Doch verbessert hat sich die Situation seither nicht. Im Gegenteil: Das Bauen ist eher zum Gegenstand allgemeinen Unbehagens geworden. Was einmal als Bereicherung galt, wird inzwischen als Verunstaltung empfunden. Umso mehr scheint es angeraten, einen Blick darauf zu werfen, wie und welche Wege der Mensch gefunden hat, sich mittels Architektur lebenswerte Bedingungen zu schaffen.

"Architecture without Architects", hieß die epochale Schau, die Bernard Rudofsky 1964 für das New Yorker Museum of Modern Art gestaltete. Es war ein enzyklopädischer Bericht aus der Geschichte menschlicher Behausung und ein so spannender wie emphatischer Blick auf anonymes, tradiertes Bauen. Architektur sei nicht nur eine Frage der Technik und Ästhetik, sondern der Rahmen für eine – im besten Fall vernünftige – Lebensweise, hat Rudofsky einmal in einem Vortrag angemerkt.

Was die einen bloß als Hütten oder vernakuläre Massenprodukte wahrnahmen, war ihm eine differenzierte Innensicht wert. Weder wollte er darin Chaos, noch das mystische Bild einer idealen Gemeinschaft erkennen. Selbst aus Quartieren, die nur aus der blanken Not entstanden, fand er eine große Vielfalt von Bauformen und Räumen entwickelt: wandlungsfähiger und humaner als viele Produkte von Profis.

Daraus folgt: Ob in der Gegenwart oder in kulturgeschichtlichen Vergangenheiten, ob in Yunnan, auf den Kykladen, in Japan oder am Amazonas: Wir sind gut beraten, erneut nach jenen anthropologischen Konstanten zu suchen, die für das zeitgenössische Bauen fruchtbar gemacht werden können.

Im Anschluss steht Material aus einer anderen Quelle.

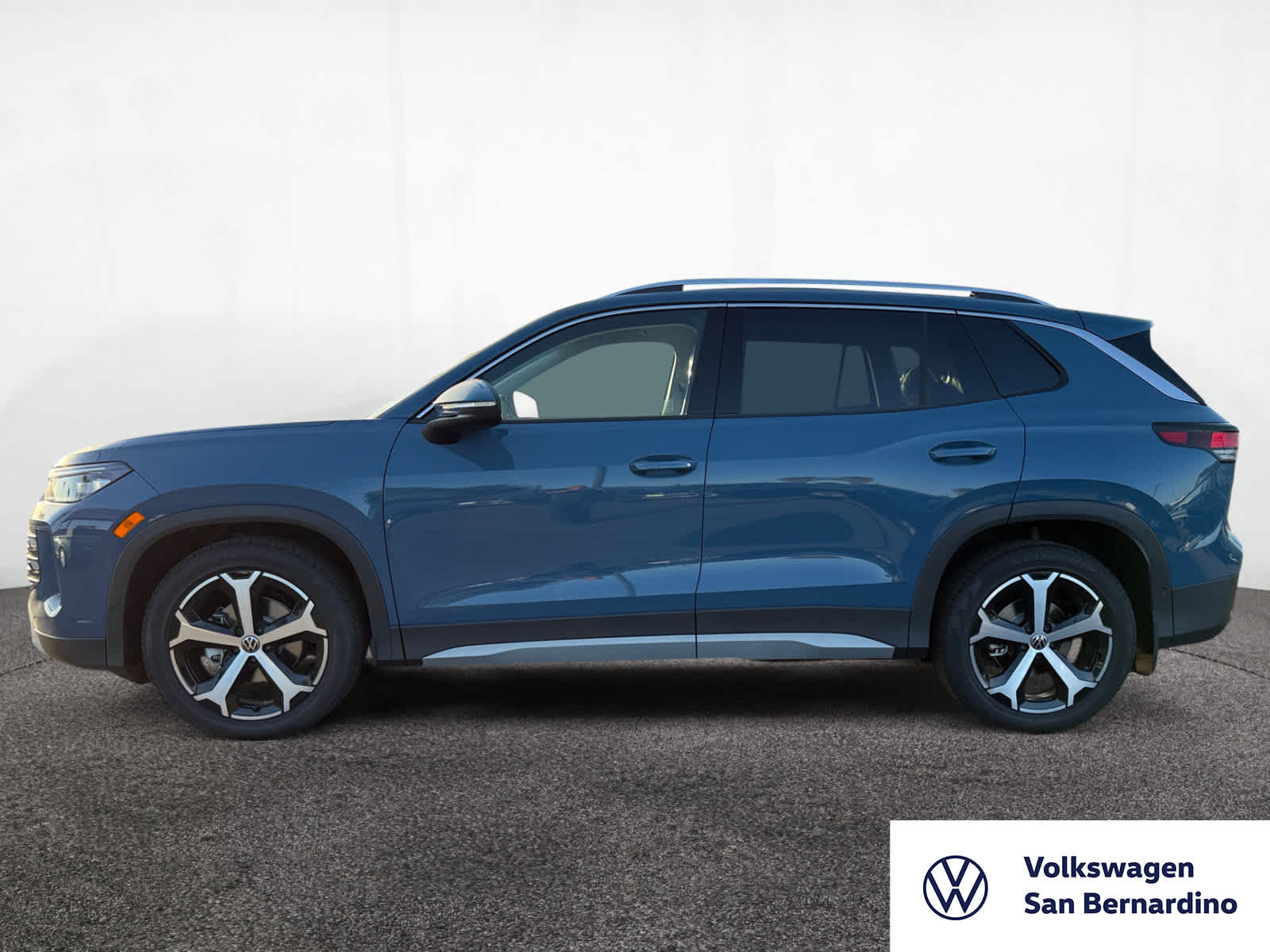 2025 Volkswagen Tiguan SE photo 2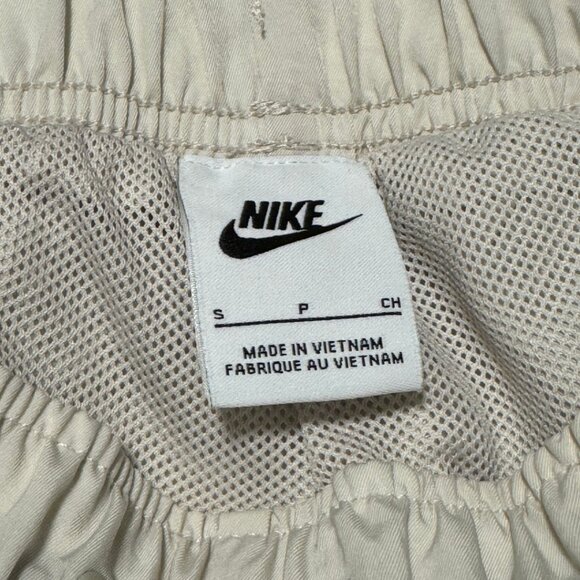 Nike Sportswear Off-White Active Nylon Polyester Athleisure Shorts Size Small - Picture 4 of 10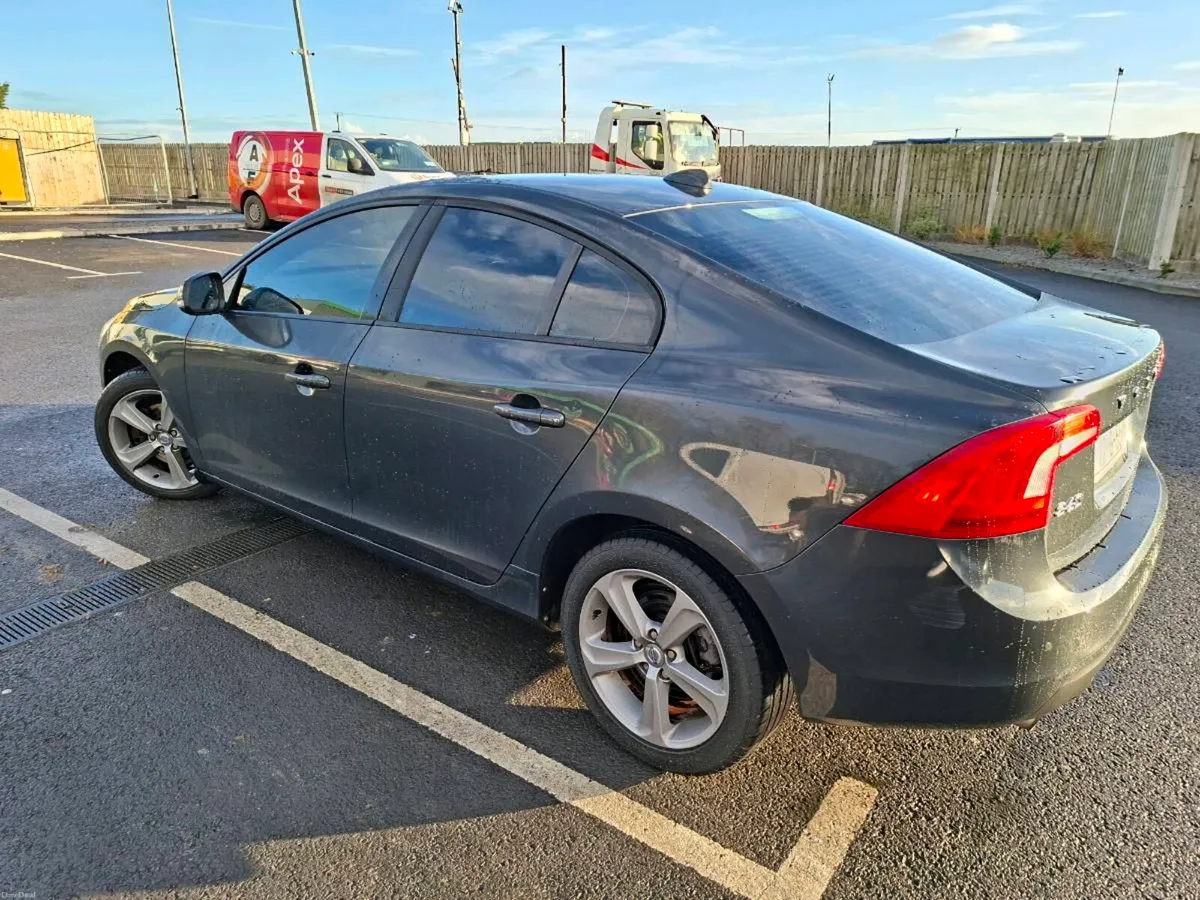 VOLVO S60,NCT APRIL 2027 - Image 2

In Vorderasien verfügen die Häuser über Holzbalustraden in den oberen Stockwerken, die Fensteröffnungen sind durch ein fein gedrechseltes Kunstwerk aus Holz versehen, das das helle Licht gut absorbiert. Diese Holzgitter werden Mashrabia genannt. Man kann zwar von innen hinaussehen, aber niemand kann hineinschauen. Sie sind nicht (nur) Dekor, sondern funktionaler Teil der Architektur – wie auch sternförmige Öffnungen in der Gewölbedecke; die in ihrem Zusammenspiel wunderbare Lüftung im heißen und extremen Klima mit gleißendem Sonnenlicht bringen.

Mashrabia an einem Palast in Kairo. Bild: Gérard Ducher / CC-BY-SA-2.5

In der südchinesischen Provinz Fujian hat die ethnische Minorität der Hakka eine so prägnante wie wehrhafte Architektur entwickelt: Festungsgleiche Rundhäuser, bis zu 70 Meter im Durchmesser und mit zehn Meter hohen Lehmmauern, nur ein paar winzige Fenster weit oben, die eher Scharten gleichen.